At long last, things may be stabilizing. It isn’t a holiday. No one is sick. There is no strange, icy precipitation outside. I’ve actually been where I’m “supposed” to be for 3 whole days in a row. My first normal day back to work I was actually happy. That feeling left me quick enough. You see, in order to save money, they’re condensing floors in our building, 3rd edition. About 2 weeks before Xmas, my group had to box all our stuff and move to new offices where we will be located until we move again to our final new offices…..on the same floor in the next few months. In the meantime, cubes are being dismantled and in some areas, new walls are being built. Because that’s all cheap and money-saving, dontcha know. Since this is the third time we’ve been condensed, many new offices will be even smaller (because nothing is more motivating at work than being in not only a cubicle, but a smaller cubicle). I’m lucky. I get to stay in one of the “regular-sized” offices. Because geologists are special or something. I’m not complaining, but I do have survivors’ guilt.
So now work is like a noisy clown car. It’s hot and dusty and there’s often a line for the bathrooms. It’s like the world’s most depressing concert. And y’all should see the ice machine on my floor. I cannot, will not use it. I’m thinking about calling in an anonymous tip to the health department. And in light of all the inconsiderate creeps who insist on microwaving fish, I opted to heat up my cabbage rolls today. I see your stink and raise you one, dammit! Of course, I had to sneak into the breakroom 20 minutes before lunch, as my floor has a ton of people on it now and only 2 microwaves. Most days I just eat my shit cold.

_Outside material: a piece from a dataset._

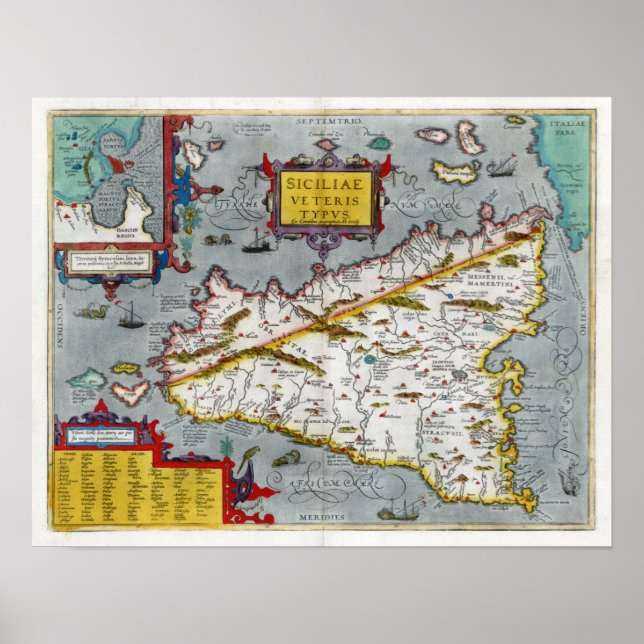 1592 Sicily Renaissance Map Poster (Front)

For some reason I’ve been obsessed with cabbage rolls since I finally broke down and made some before Xmas. I had always thought they required a horrendous amount of time and work. Not so much. Good to know.
And in the midst of all this, I’m fighting the ADHD fight, as both kids seem to be having difficulties. For Stella it’s mostly social. For Felix it’s academic – or whatever you want to call that for pre-K. The kid is smart – I know he’s smart – but he simply will not come out of imaginationland in his head to bother with trivial things, such as his ABCs. And while he’s guaranteed a spot at their magnet school next year based on sibling preference, he will NOT be admitted if he can’t pass some kind of screening test. So I’m twisting in the wind about all of this. Do we need different, stronger meds? Should I try to push to get my son an IEP to maybe give him an edge or extra accomodation for the test? I just don’t know.

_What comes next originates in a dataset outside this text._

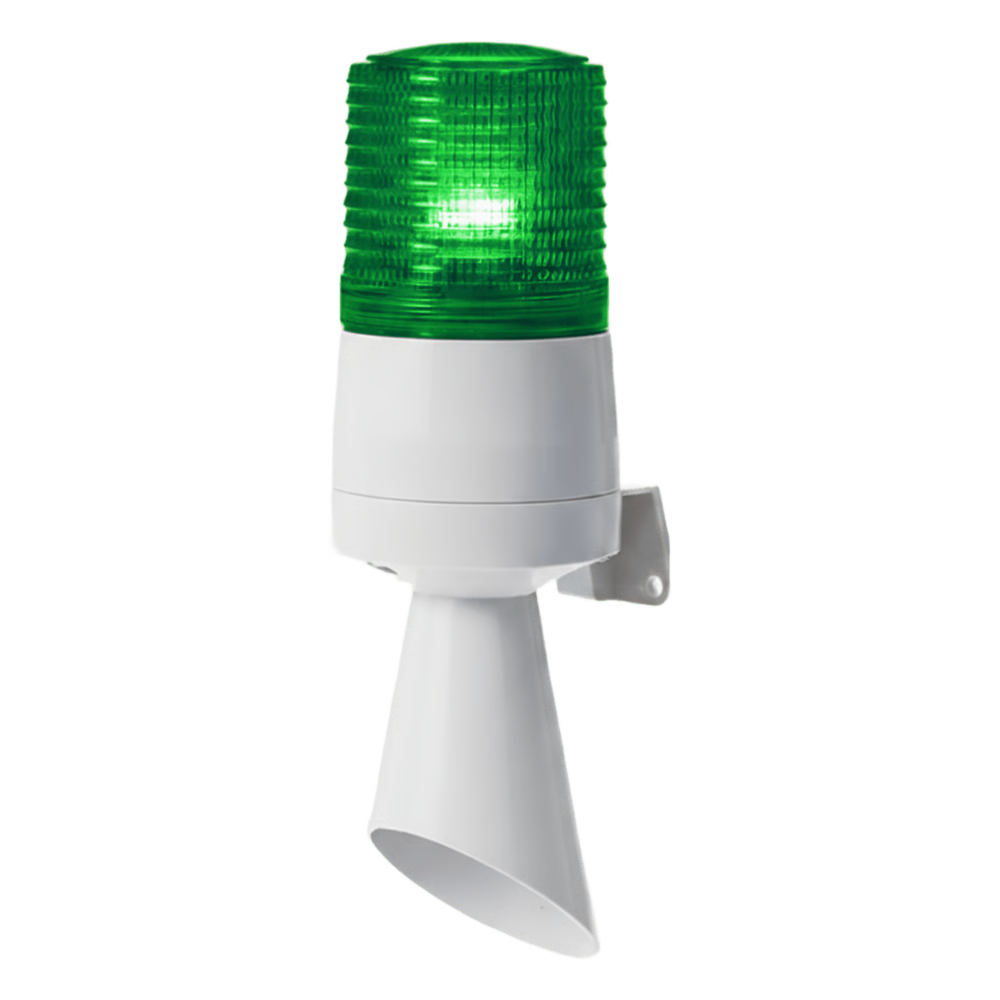 LUZ LED CON PATRONES DE DESTELLO FIJO Y DESTELLANTE CON BUZZER INCORPORADO DE ALTO VOLUMEN MÁX. 95 DB COLOR VERDE 24 VCD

And cookies. My glob, the cookies.
I She is selling a ton. The totals are far exceeding what I would have thought. Our last day to sell will be Saturday, so yes, I will be dragging my soggy Brownie Girl Scout through the last 2 streets of our neighborhood selling cookies in the forecasted storms.

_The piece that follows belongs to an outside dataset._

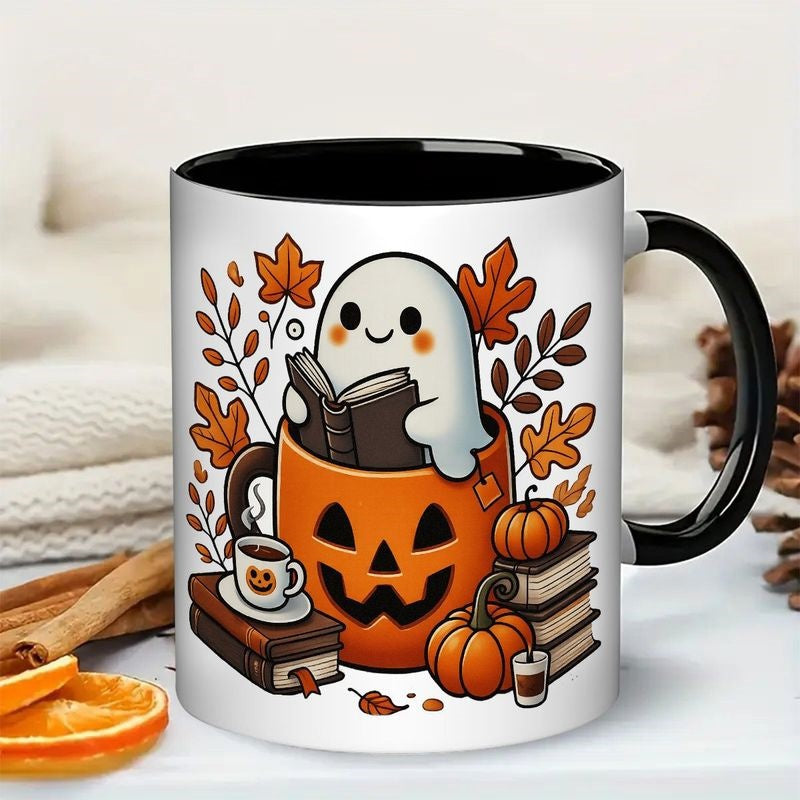 Tailorly Black Accent 11 oz Mug - cute halloween pumpkin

And then I’m planning the Dude’s 5th birthday party, which is less than a month away. Oh, and I’m designing a Mardi Gras float for him with a wagon as a base, since the pre-Kers get to put on a parade for the rest of the school, with each float (preferably) having a storybook theme. So instead of just dousing my MomWagon (you know, those collapsible canvas wagons that are the absolute merde) with tinsel and beads, we’re going to make a damn storybook wagon float. Why be boring when you can be stressed and creative?
I need to sit quietly and go knit. I’ve been promising Stella I’d finish this scarf before spring.